Bell, Book, And Candle is based on a play of the same name first performed on Broadway in 1950, starring Rex Harrison. The play was written by John Van Druten, an accomplished playwright and screenwriter. His plays were made into the movies I Remember Mama and Cabaret, and he wrote the screenplay for Gaslight. The movie was directed by Richard Quine. Quine directed over thirty movies in his career, the most notable of which were The World Of Suzy Wong and How To Murder Your Wife (also starring Jack Lemmon).
Gillian Holroyd (Novak) leads a very independent life for a woman living in 1950s New York City. She owns her own shop selling South American and African artworks, and does not have a husband to “take care of her.” She lives near her aunt, Queenie (Lanchester), a kind, free-spirited, but slightly befuddled older woman. Both women, we learn, are witches. Not the stereotypical ogre sort, or the New-Agey Wiccans popular today…just immortal (that’s immortal, not immoral, you pervs) women with magical powers.
Through a series of quirks on Christmas Eve, Queenie and Gillian meet Shep Henderson (Stewart), a businessmen who lives in their apartment building. For Gillian, it is attraction at first sight, though her witch’s cold heart won’t let her show it. For Shep, the two ladies are a minor nuisance, but an intriguing one at that. Though he turns down their offer to accompany them to their nightclub hangout, he later brings his fiancée, Merle (Janice Rule) along and visits them. There it is revealed that Gillian and Merle know each other from college, where they were rivals. The nightclub meeting inspires Gillian to hatch a plan. Partly because of her rivalry with Merle, mostly because she had the hots for Shep, she casts a spell on the hapless guy. He falls head over heels for her, and they spend a magical evening (err, pun intended) together. But wait! Shep was supposed to elope with Merle on Christmas Day.
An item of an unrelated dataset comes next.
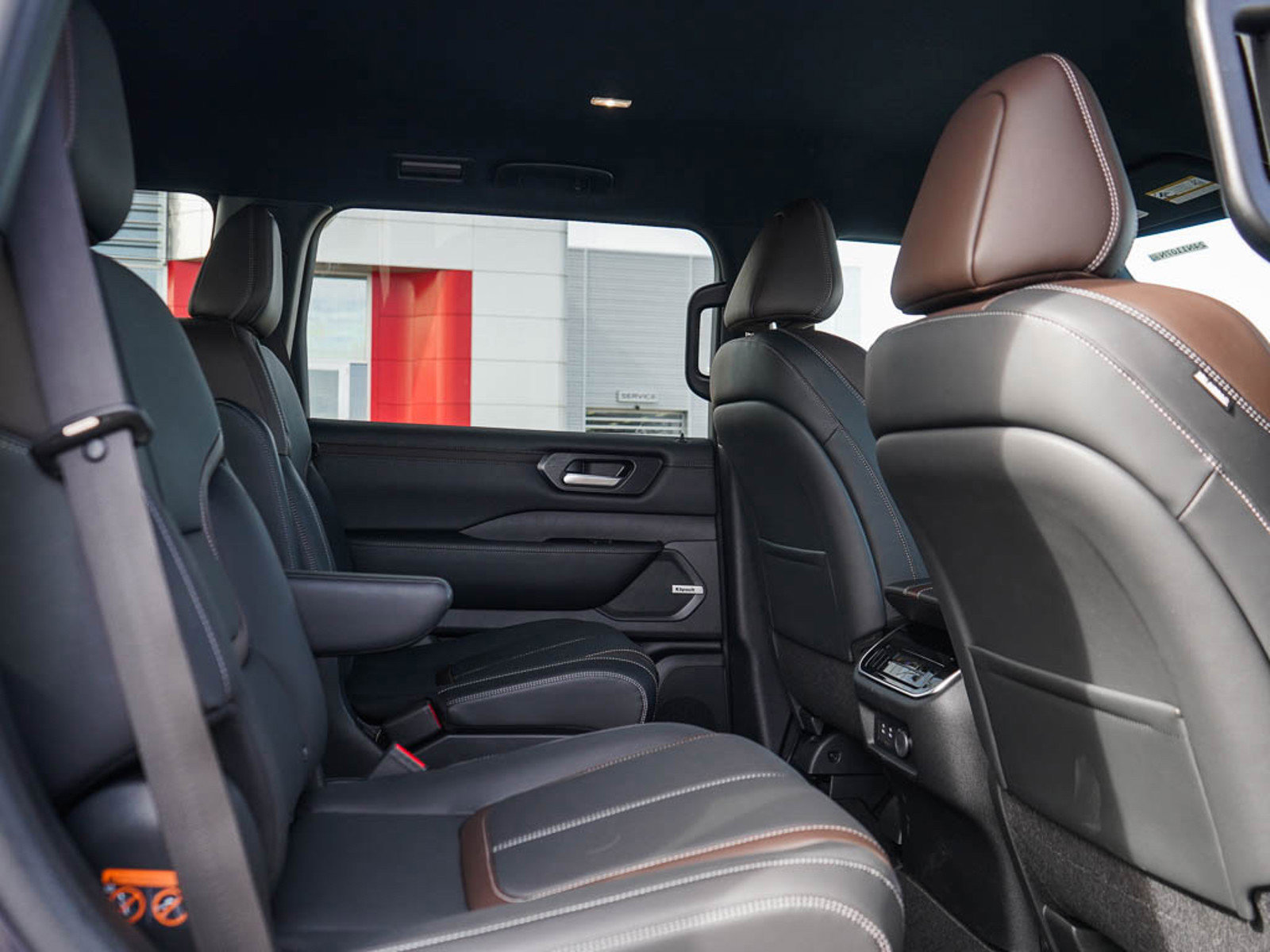 2025 Nissan Armada SL photo 8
C’est la vie.
Another wrinkle is added to the story in the form of Gillian’s brother, Nicky (Lemmon), and a famous writer, Sidney Redlitch (Ernie Kovacs, at one time the host of “The Tonight Show”). Redlitch is an investigative writer, looking to blow the lid off the witch subculture in New York City. Nicky (who’s a warlock, the male version of a witch) inexplicably teams with the writer and feeds him information about the witches of New York City. As the months go by and Redlitch gets closer to the truth, Gillian’s cover is close to being blown. Needless to say, she is fearful of the consequences of telling Shep that he only loves her because of a spell. Sigh, the angst of being a witch and in love!
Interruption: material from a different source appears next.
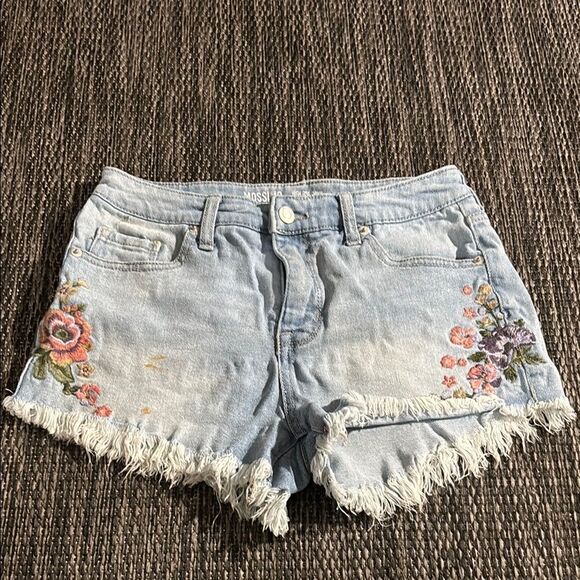 Mossimo high rise Jean floral shorts - Picture 1 of 6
Columbia’s release of Bell, Book, And Candle is another in their “Columbia Classics” line. Like most of their other titles, the audio and video quality is a good as the source material can permit. The movie is presented in 1.85:1 anamorphic and full-frame, selectable from the main menu. While it would never be mistaken for a modern release, the transfer is entirely acceptable. No digital or NTSC problems are introduced, and the picture is only marred by occasional grain or dust. Audio is two-channel mono. It has a hollow tone to it for most of the film, but again, that’s the limitations of the source material rather than the fault of the transfer.
Extras are sparse, but comparable to those on other “Columbia Classics” releases. We are given talent files on the director and three of the leads (Lanchester, unfortunately, being the slighted one). Theatrical trailers are provided for Bell, Book, And Candle as well as two other James Stewart pictures: Mr. Smith Goes to Washington and The Man from Laramie. And lastly, pictures of six posters promoting the original release (including one in Italian) are provided.
Considering that the director and three of the four leads have passed away (and Bell, Book, And Candle is certainly not the loftiest entry on Jack Lemmon’s résumé), I suppose that I cannot hope for the participation of anyone involved with the production. Still, I expect more in the way of extras from Columbia. They are one of the strongest supporters of the DVD format, but it seems like their classic releases receive short shrift in the extras department. I’m not complaining, but I would have liked to have seen some history of the artwork used in Gillian’s shop, or explanation of the witch mythology used to give authenticity to the characters, or perhaps how the stage play was translated to the screen.
Fans of Jimmy Stewart (undoubtedly the target audience for this disc) will love the movie. It’s a fun, innocent romance, the likes of which aren’t really made anymore. The subject matter — the precarious interaction between love and magic — has been tread by recent productions such as the dreadful Practical Magic and Simply Irresistible, so it’s only a matter of time before some unimaginative studio executive mines Bell, Book, And Candle for a remake. Catch it in its original glory before it’s too late.